Data provided:
+++++

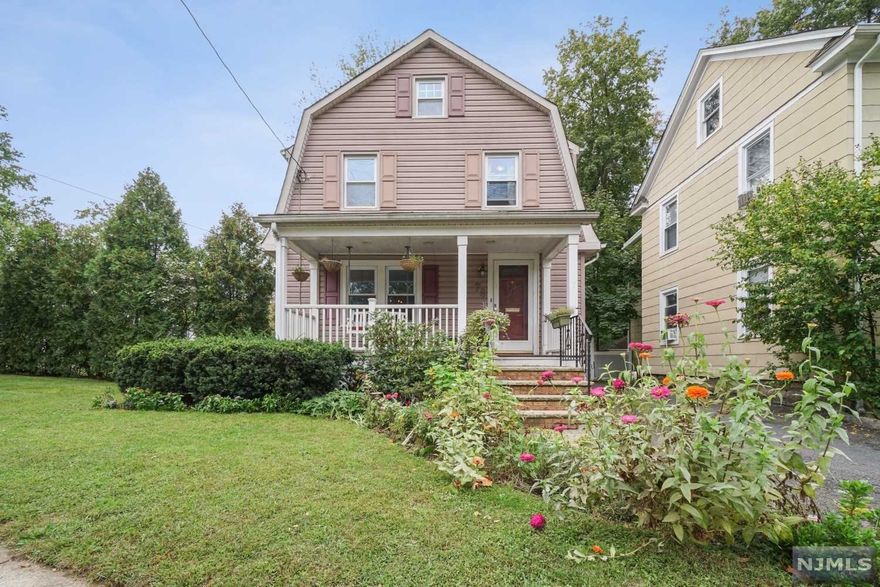 WELCOME TO THIS CHARMING DUTCH COLONIAL WITH FRONT PORCH. FIRST FLOOR HAS A LIVING RM, DINING RM AND MEIK WITH BLEACHED OAK CABINETS AND STAINLESS STEEL APPLIANCES. SECOND FLOOR HAS 2 GENEROUS SIZED BEDROOMS THAT MAY BE CONVERTED BACK TO 3 BEDROOMS AND LARGE FULL BATH.WALK UP TO LARGE FLOORED ATTIC. PARTIAL FINISHED BASEMENT HAS REC ROOM AND LAUNDRY, PROFESSIONAL LANDSCAPING, INGROUND SPRINKLERS, CENTRAL A/C AND OUTDOOR DECK COMPLETE WITH BUILT-IN BAR AREA MAKES THIS HOME PERFECT FOR ENTERTAINING AND EVERYDAY LIVING! HOT WATER HEATER, FURNACE AND A/C ALL DONE BETWEEN 2015 TO 2017. FENCE IN 2019. ROOF, DECK AND SHED IS "AS IS" . CLOSE TO TOWN, SCHOOLS AND NYC TRANSPORTATION.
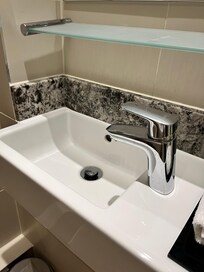Tiny sink. With shelf, Impossible to brush your teeth!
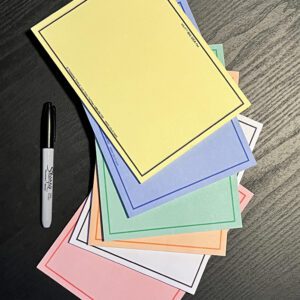 A stack of SIX-COLOR Set of VIS-IT™ 8x6 in. Big Idea Pads (300 sheets total) and a marker on a table.
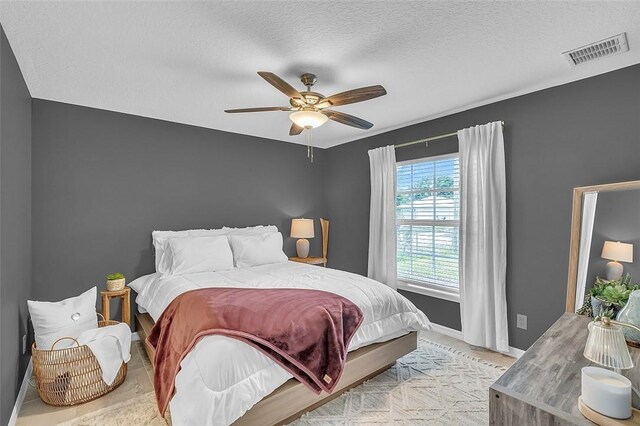 1360 18th Ave SW, Vero Beach, FL 32962 - bedroom featuring baseboards, ceiling fan, and a textured ceiling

+++++

Please print exactly the lines from the one holding "A stack of SIX-COLOR" through the final line of the data above, including both, and skip all pictures.

Answer box:
 A stack of SIX-COLOR Set of VIS-IT™ 8x6 in. Big Idea Pads (300 sheets total) and a marker on a table.
 1360 18th Ave SW, Vero Beach, FL 32962 - bedroom featuring baseboards, ceiling fan, and a textured ceiling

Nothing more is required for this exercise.